[Dataset]

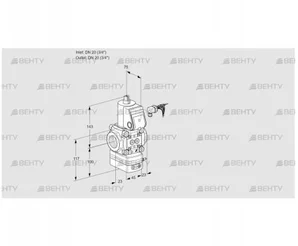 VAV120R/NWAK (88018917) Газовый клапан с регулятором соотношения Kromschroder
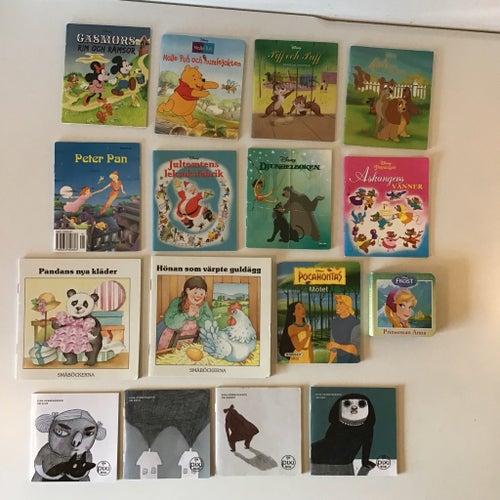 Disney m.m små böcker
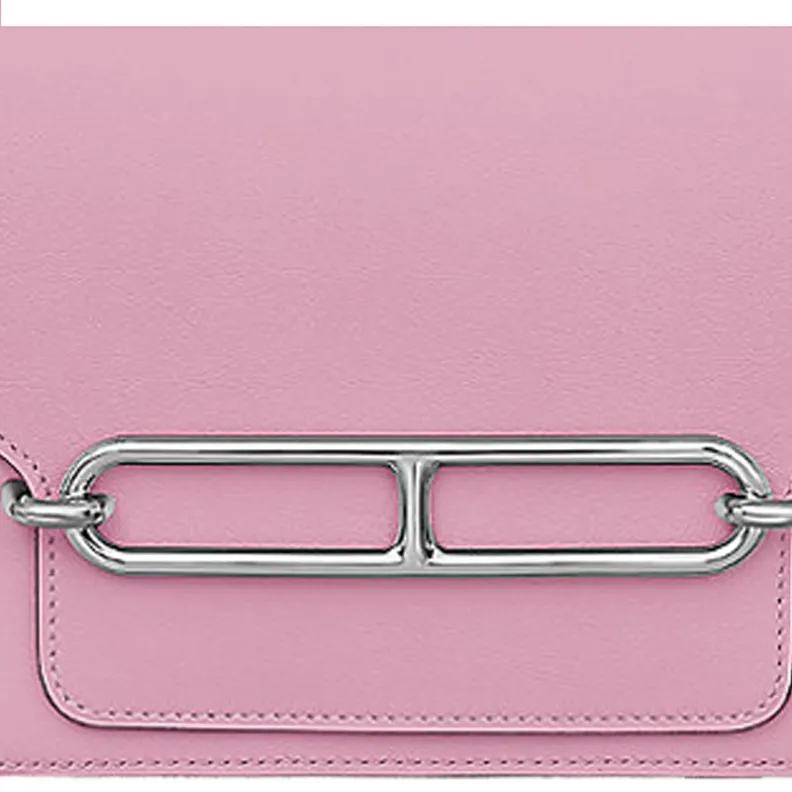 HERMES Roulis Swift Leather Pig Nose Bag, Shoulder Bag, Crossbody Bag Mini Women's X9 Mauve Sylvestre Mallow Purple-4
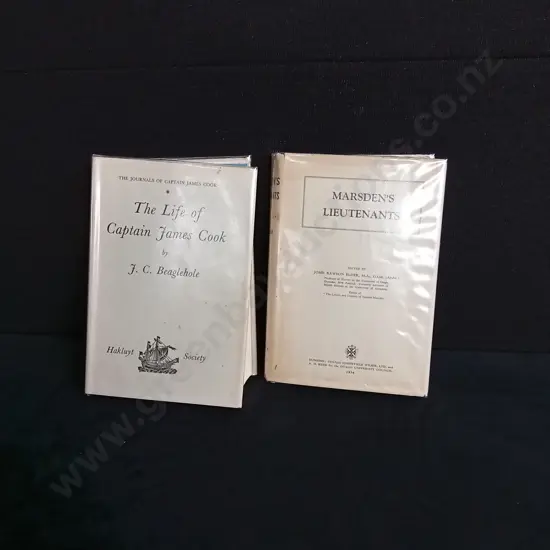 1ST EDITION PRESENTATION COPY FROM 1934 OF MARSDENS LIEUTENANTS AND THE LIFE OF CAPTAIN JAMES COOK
---
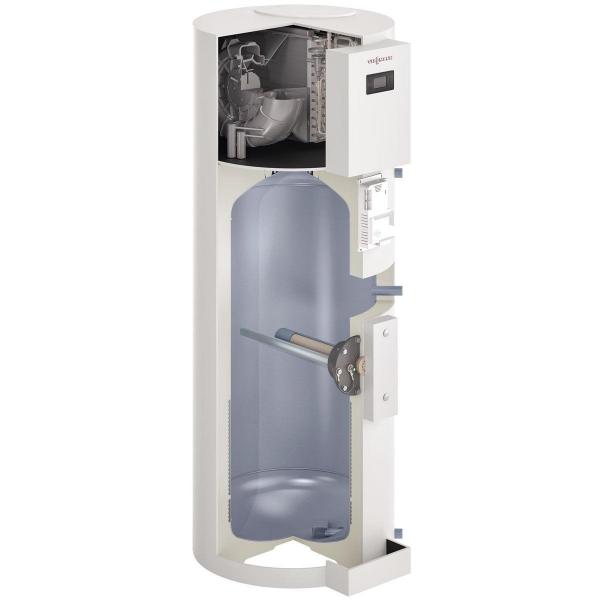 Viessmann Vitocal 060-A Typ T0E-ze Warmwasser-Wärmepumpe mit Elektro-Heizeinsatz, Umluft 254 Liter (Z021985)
* * *
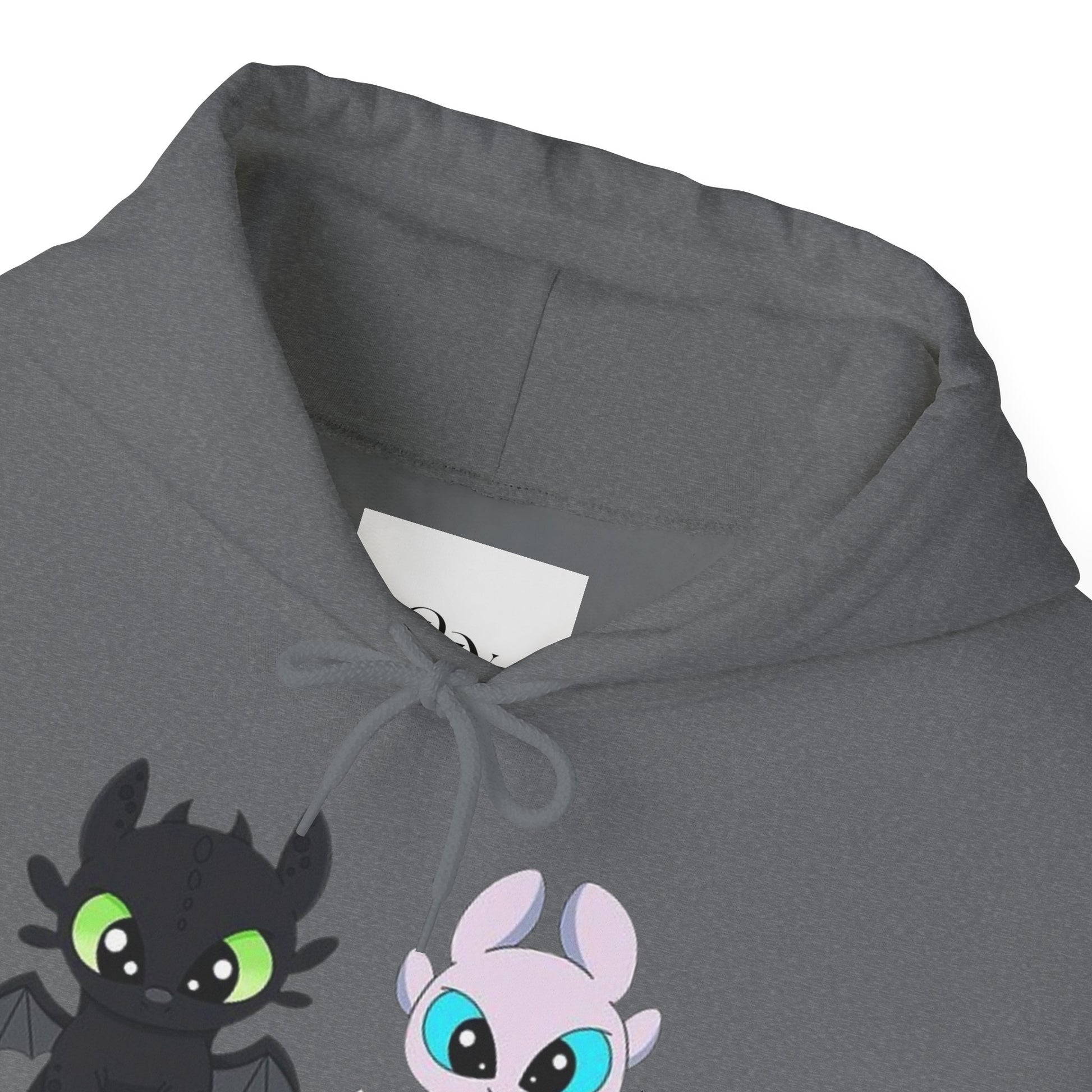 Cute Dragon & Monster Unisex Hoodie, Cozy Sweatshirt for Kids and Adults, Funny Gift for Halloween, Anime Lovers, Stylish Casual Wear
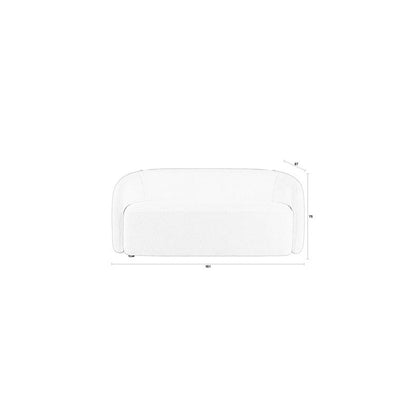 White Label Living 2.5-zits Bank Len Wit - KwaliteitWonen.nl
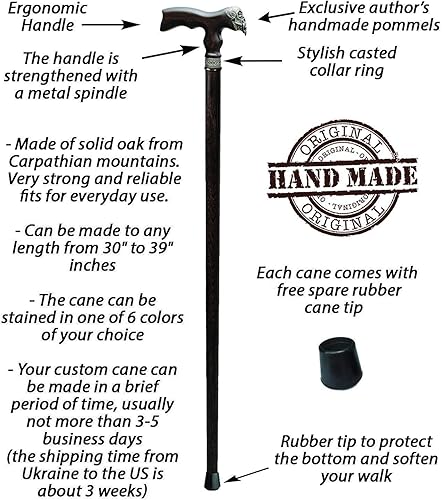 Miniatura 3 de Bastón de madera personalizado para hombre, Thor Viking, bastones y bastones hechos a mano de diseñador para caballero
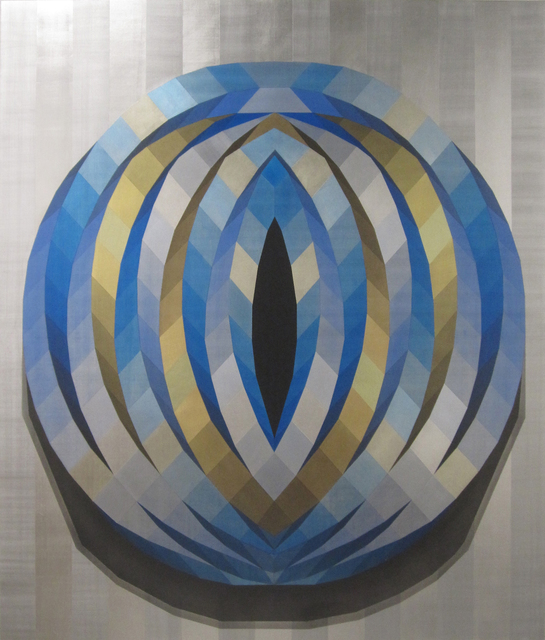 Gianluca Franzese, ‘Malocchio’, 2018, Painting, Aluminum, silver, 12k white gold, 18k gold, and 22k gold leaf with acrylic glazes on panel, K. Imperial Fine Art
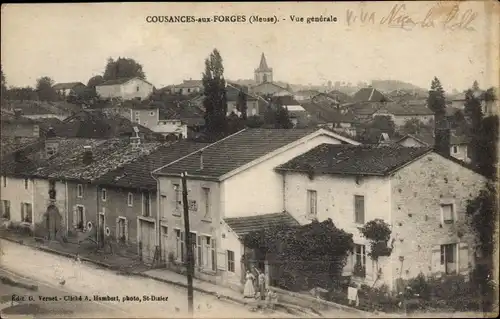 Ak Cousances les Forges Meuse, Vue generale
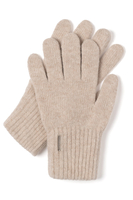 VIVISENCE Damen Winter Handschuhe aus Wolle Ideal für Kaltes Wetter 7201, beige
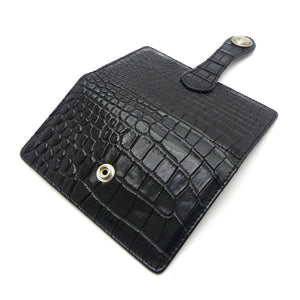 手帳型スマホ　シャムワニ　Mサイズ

[Aim of the exercise]
Could you output exactly the lines above, from the line with "Imperial Fine Art" up to and including the line with "手帳型スマホ　シャムワニ　Mサイズ", and nothing else, skipping the pictures?

[Solution to this problem]
 Gianluca Franzese, ‘Malocchio’, 2018, Painting, Aluminum, silver, 12k white gold, 18k gold, and 22k gold leaf with acrylic glazes on panel, K. Imperial Fine Art
 Ak Cousances les Forges Meuse, Vue generale
 VIVISENCE Damen Winter Handschuhe aus Wolle Ideal für Kaltes Wetter 7201, beige
 手帳型スマホ　シャムワニ　Mサイズ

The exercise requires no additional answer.